Matrikel
Zur Haltung des Schreibens in Robert Walsers Mikrographie
Martin Roussel
Robert Walsers Mikrographie aus den 1920er Jahren führt an die Grenzen des Lesbaren: Bis auf ein bis drei Millimeter verkleinert Walser mit dem Bleistift auf den überlieferten 526 Zetteln seine Handschrift, als schriebe sie sich ins Papier hinein, und, umgekehrt, als kehrte sich das Papier nach Außen, um in der Schrift erst sichtbar zu werden. Zu lesen sind die Mikrogramme als Entwürfe, Skizzen im Kontext von Walsers ›Abschreibesystem‹: Walser selbst hat der Mikrographie vom Standpunkt seiner Reinschriften mit Tinte aus den Status eines ›Umweges‹ zugesprochen. Damit kommt ihnen eine kreatologische, insinuierende Funktion zu, als könnte seine Literatur, mit Tinte ins Reine abgeschrieben, ihre Worte direkt vom mikrographisch flimmernden Papier ablesen. Walsers Satz ‚Schreiben scheint mir vom Zeichnen abzustammen‘ entfaltet hierin seine Bedeutung nicht als Genealogie, sondern als Reflexion des eigenen Handelns, als Ethologie, die Schreiben als Abschreiben begreift und die Mikrographie als Einzeichnung auf dem Papier – eine Literatur des Papiers im Zeichen der Schrift. Die Metaphorik des Blätterflüsterns – der Insinuation – suggeriert in diesem Sinn eine Bedeutung der Mikrographie, die dieser ex post – im Abschreiben – erst zukommt, im Entzug ihrer Lesbarkeit.
Walsers in der literarischen Moderne singuläres Schreibexperiment verdichtet sich in den konkreten Zügen seiner Mikrographie.

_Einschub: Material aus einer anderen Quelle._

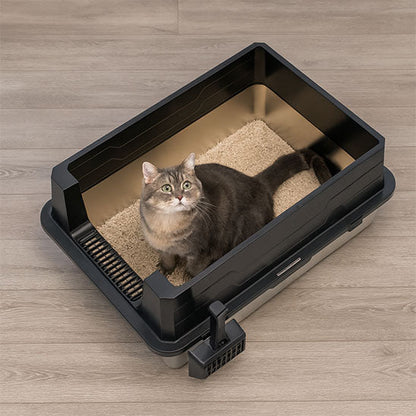 Bac à litière Chat - XXL InoxConcept™ - Besoin de chat
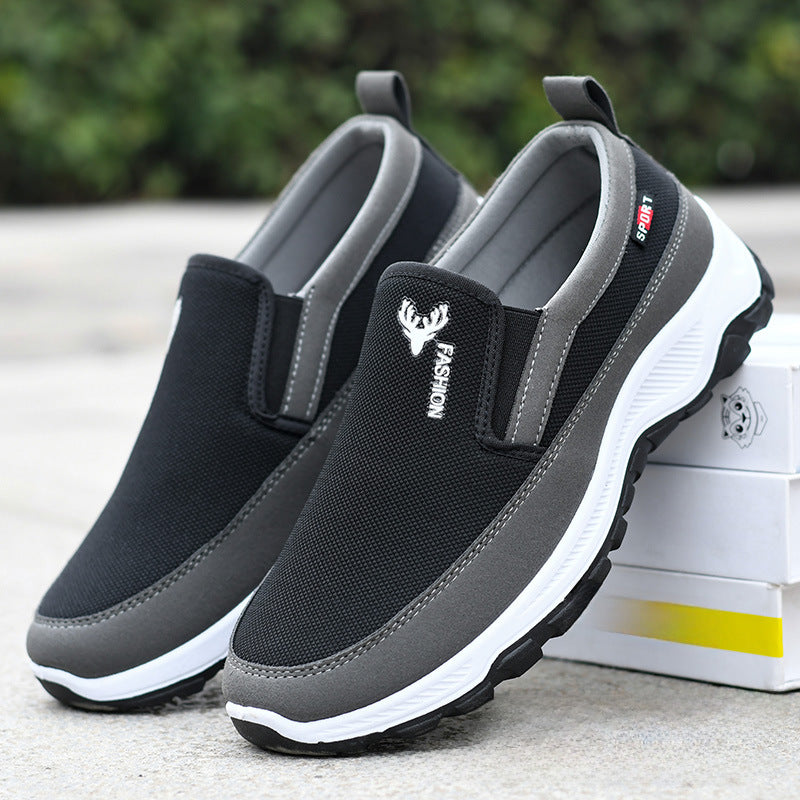 Mountaineering sole canvas shoes, spring and autumn single shoes, non-slip and wear-resistant, one-foot dad shoes, soft soles, a substitute canvas shoes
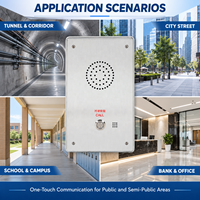 Interphone d'urgence SIP IP mural en alliage d'aluminium, 13W Audio, PoE DC, à activation par touche unique, pour tunnels, métros et espaces publics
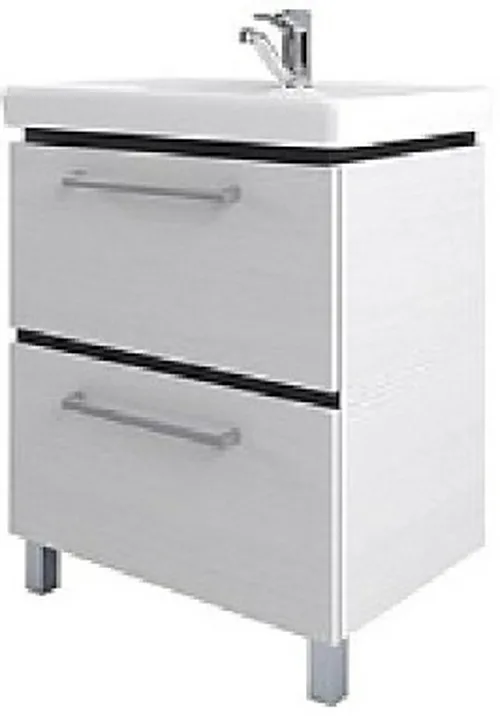 Тумба АКВАТОН Ронда 55 мини Дуб Сомерсет + Раковина Тигода 55 мини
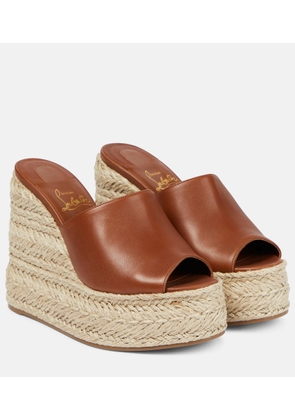 Christian Louboutin Ariella Zeppa leather espadrille wedges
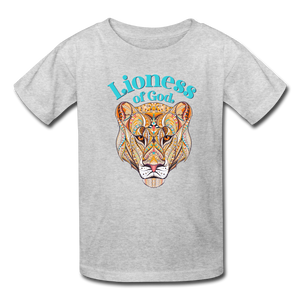 Lioness of God - Kids' T-Shirt - heather gray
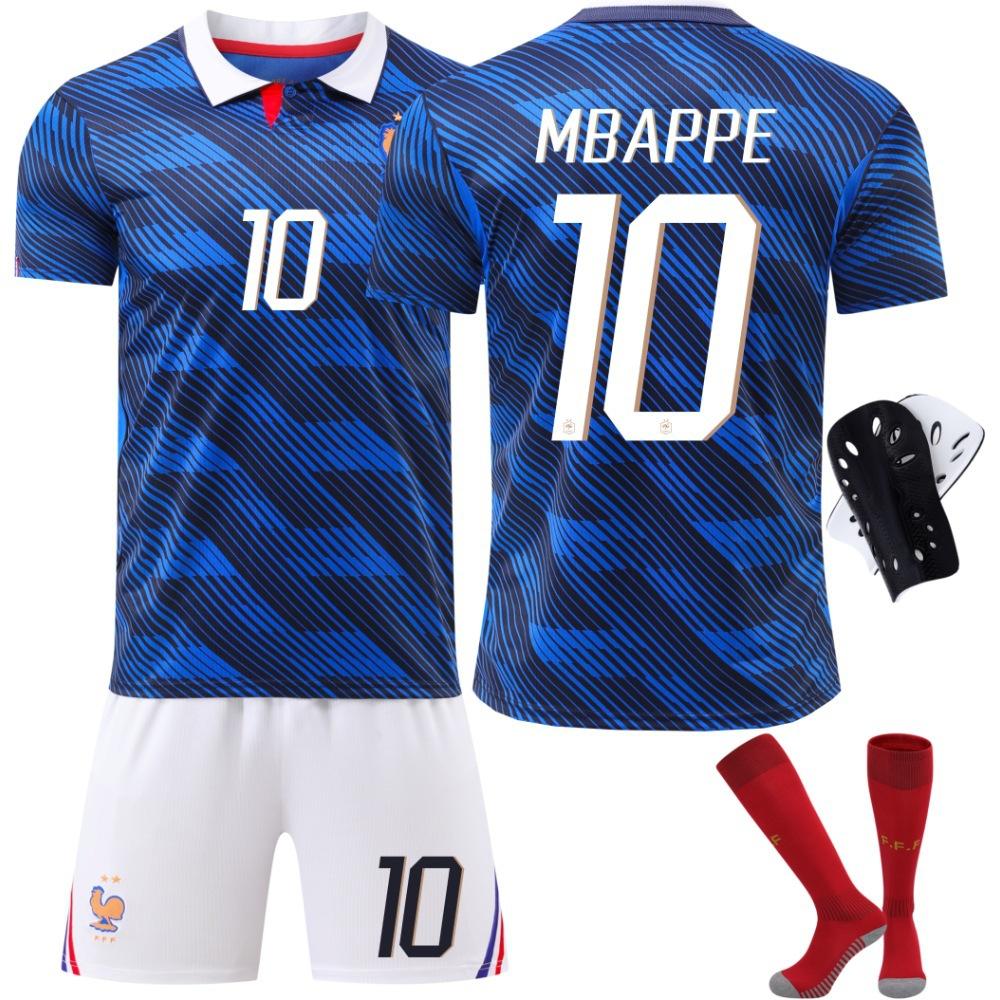 2026 World Cup France Home Soccer Jersey Set No.10 Mbappe Football Kits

Die ‚Matrikel‘ verzeichnet seine Haltung des Schreibens; sie versucht die Voraussetzungen, Implikationen und interpretatorischen Konsequenzen, die aus dieser Literatur zu ziehen sind, in Überlegungen zu einer Theorie der Schrift aufzufangen, die nicht semiotisch, sondern ethologisch fundiert ist und insbesondere etho-ästhetischen Fragestellungen zwischen Text und Bild sowie zwischen Stimme und Schrift Raum gibt. Die Überlegungen Michel Foucaults zur ›Ethopoiesis‹ sowie Jacques Derridas zum ›trait‹ (Strich / Zug / Einfall) geben hierbei die Leitbegriffe vor. Im Sinne eines Verzeichnisses der Abweichungen und Idiomatien, die Walsers Literatur ausmachen, bemüht sich die ‚Matrikel‘ den theoretischen Ertrag durchgängig in Detaillektüren fruchtbar zu machen – dabei beides berücksichtigend: die konkreten Gegebenheiten des Materials wie die Notwendigkeit interpretatorischer Zu- und Einschnitte. Als Fluchtperspektiven bieten sich in ethologischer Hinsicht Robert Walsers ‚Gesundheitslehre der Schrift‘ an sowie, mit Blick auf Walsers eigentümliche ‚Zurück-Haltung‘ des Schreibens, die Metaphorik des Blätterflüsterns als Rahmungen für Walsers Mikrographie. Überlegungen zur Relevanz graphologischer Deutungen sowie ein Ausblick auf mikrographische Traditionen schließen die Arbeit ab.